TASK GOAL: Copy nothing but the lines below running from the line containing "Hotel Acquarello Swiss Quality" through the line containing "Сайлентблок нижнего рычага Газель Некст", both end lines included.

[Stored items from a collection]
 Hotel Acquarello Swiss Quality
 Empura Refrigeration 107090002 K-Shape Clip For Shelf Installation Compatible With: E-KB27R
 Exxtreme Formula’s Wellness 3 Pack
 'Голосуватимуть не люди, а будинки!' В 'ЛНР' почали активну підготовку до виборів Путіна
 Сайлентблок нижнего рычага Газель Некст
==
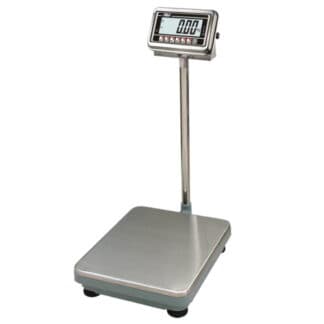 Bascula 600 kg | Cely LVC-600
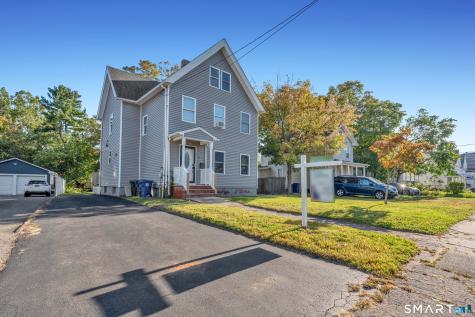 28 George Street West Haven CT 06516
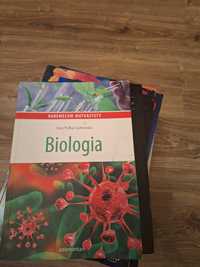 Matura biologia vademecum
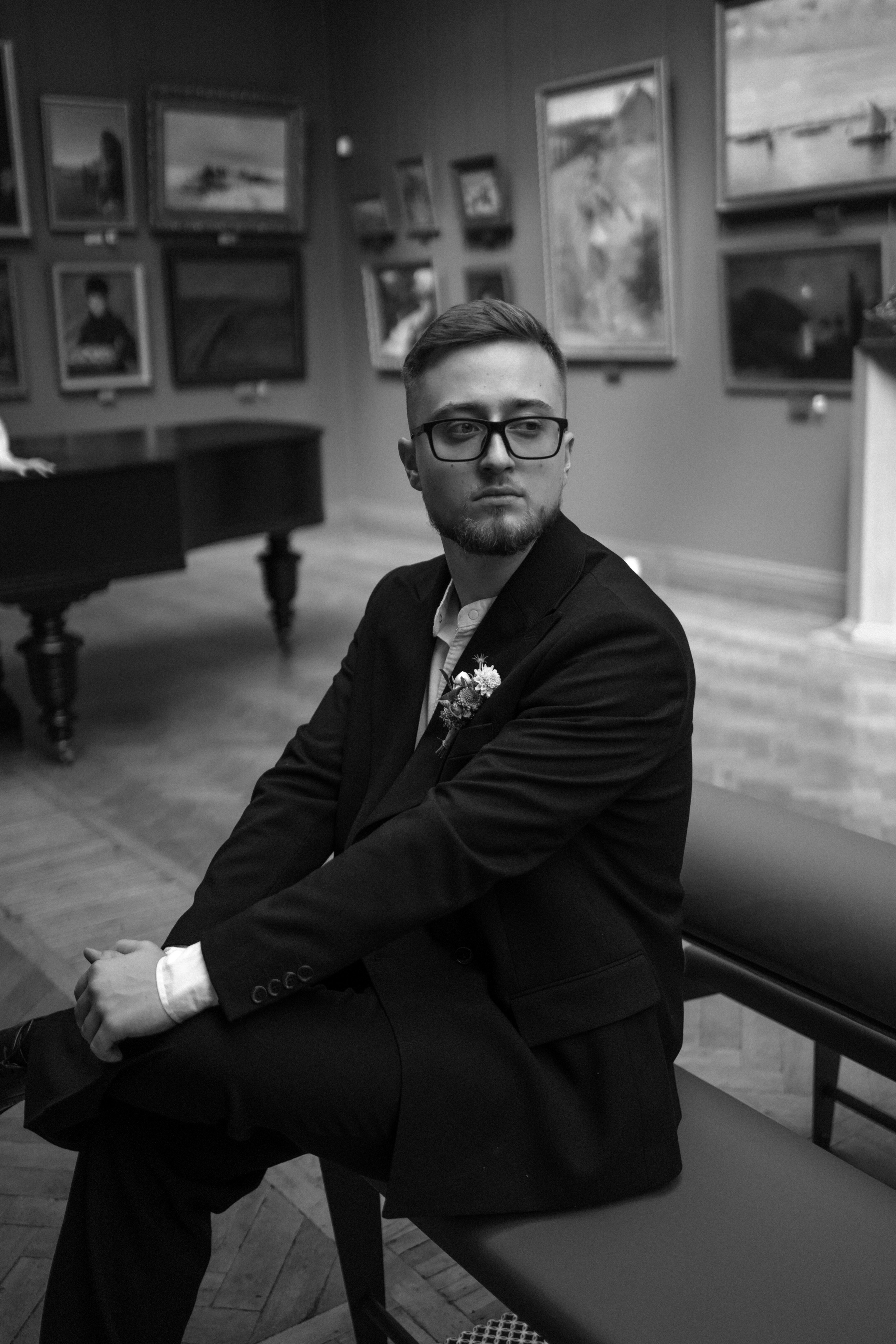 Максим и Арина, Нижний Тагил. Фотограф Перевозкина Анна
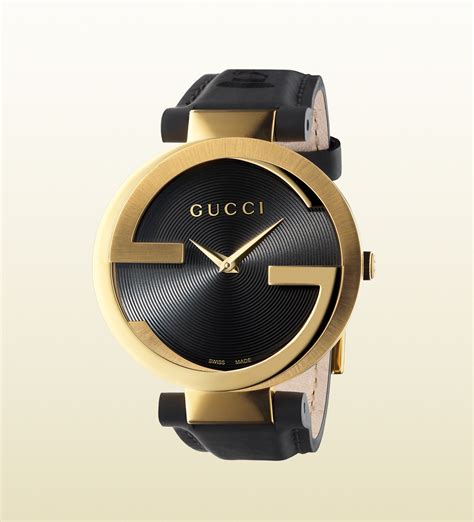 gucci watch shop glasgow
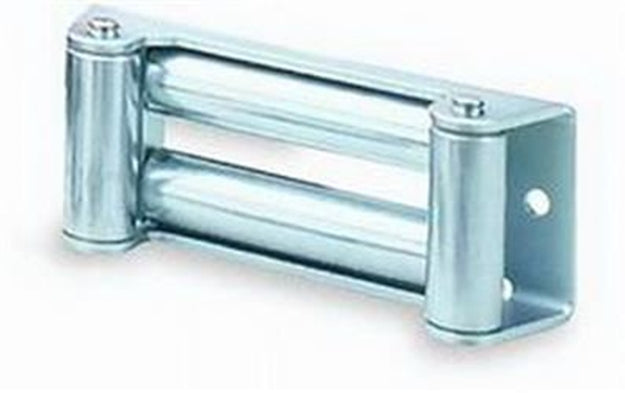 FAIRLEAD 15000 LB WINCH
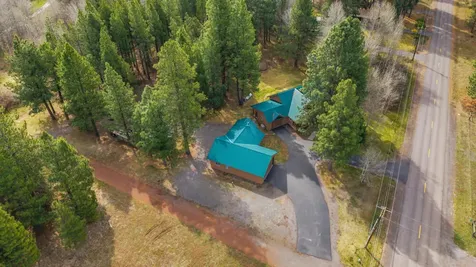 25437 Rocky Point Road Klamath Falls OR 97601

SOLUTION FOR THIS TASK:
 Hotel Acquarello Swiss Quality
 Empura Refrigeration 107090002 K-Shape Clip For Shelf Installation Compatible With: E-KB27R
 Exxtreme Formula’s Wellness 3 Pack
 'Голосуватимуть не люди, а будинки!' В 'ЛНР' почали активну підготовку до виборів Путіна
 Сайлентблок нижнего рычага Газель Некст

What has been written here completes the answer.